Horses and cattle supply the subjects of many of the best photos by the high school art teacher, married to a cowboy and horse trainer in Sayre, who grew up in Oklahoma City and earned her master's degree at Southwestern Oklahoma State University in Weatherford.
Two saddle horses enjoy their “Break Time” at a water trough in a color picture, and a dark horse looks over the shoulder of a palomino in a brown-and-white toned photo she calls “Companions.”
Suggesting an earlier era of freedom from today's hustle and bustle is her sepia-hued photo of a line of horses “On the Run,” and a color picture of a solitary buffalo in front of fogged-over blue peaks, called “Visions of the Past.”
“No Fences in Your Way” is the evocative title of a second color photo of a herd of buffalo, grazing on pale yellow prairie grass, seemingly protected from the encroachment of contemporary life by ground-hugging fog or clouds, and a ring of blue mountains.
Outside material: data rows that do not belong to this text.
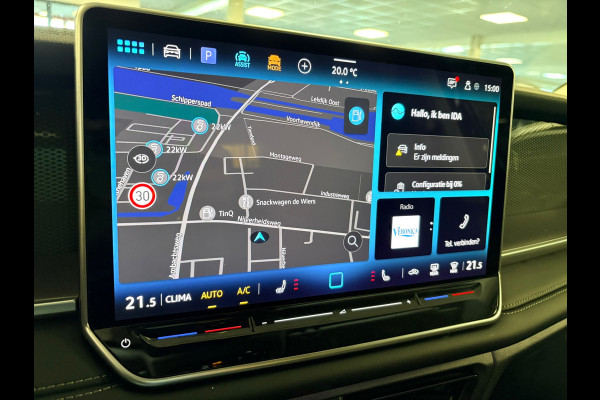 Volkswagen Tayron 1.5 eTSI Life Edition 7persoons / trekhaak / led / 360camera / navigatie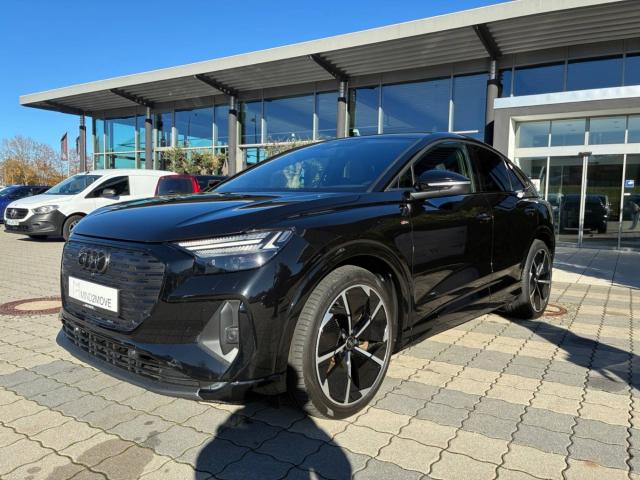 Audi Q4 e-tron 55 e-tron Sportback quattro S-Line SOH 95 %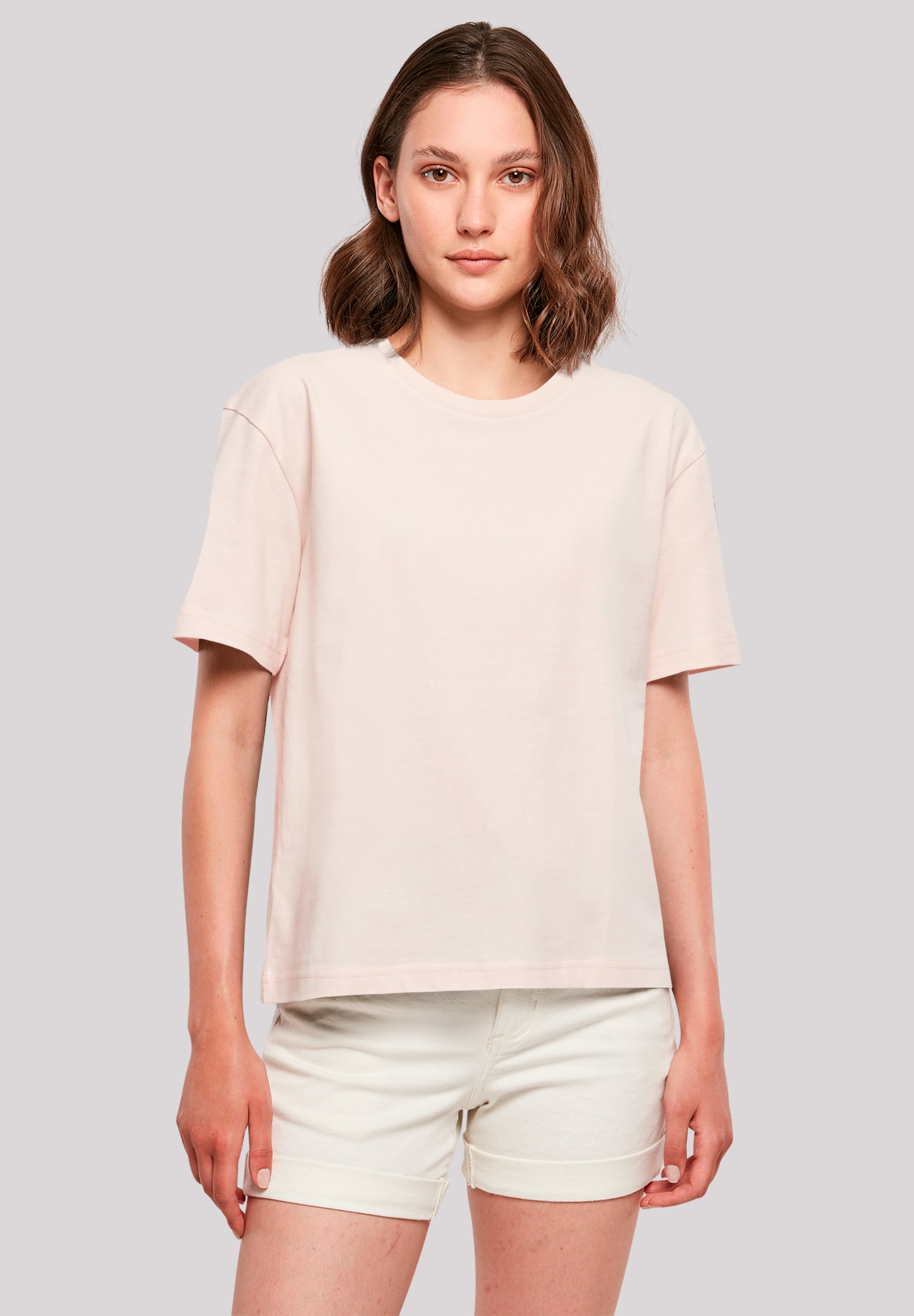 F4NT4STIC T-Shirt »Escape Discover the World Mountain«, Premium Qualität, ESCAPE Collection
Dealing with the more mundane side of life on horseback are still life-like color pictures of halters and a pair of chaps hanging from horseshoes on a “Turquoise Trailer,” and of a cowboy getting ready to climb onto the empty saddle of a horse because it's “Time to Go.”
A spotted steer stares back at us warily, as if we were about to try to ride it, in a black-and-white photo of “The Contender,” while the daunting, curving horns of one of a group of “Longhorns” make the point for Harless in a color picture.
Excellent landscape color photos direct our attention to a “Lucky Strike” of lightning on dark hills, and to a pair of windmills under a potential storm cloud in a picture she calls “Need for Rain.”
Quieter and less dramatic, but no less appealing, are her color pictures of water trapped by giant, lichen-covered boulders in the “Wichita Mountains,” and of a field of yellow-orange plants or bushes, seen in close-up.
In two more close-up color photos, a “Cattle Guard Sign” is marred by rust and bullet holes, and a spiky cactus plant becomes a kind of “Christmas Tree.”
Sponsored by the Oklahoma Arts Council, the show is well worth visiting during its run through Feb. 3.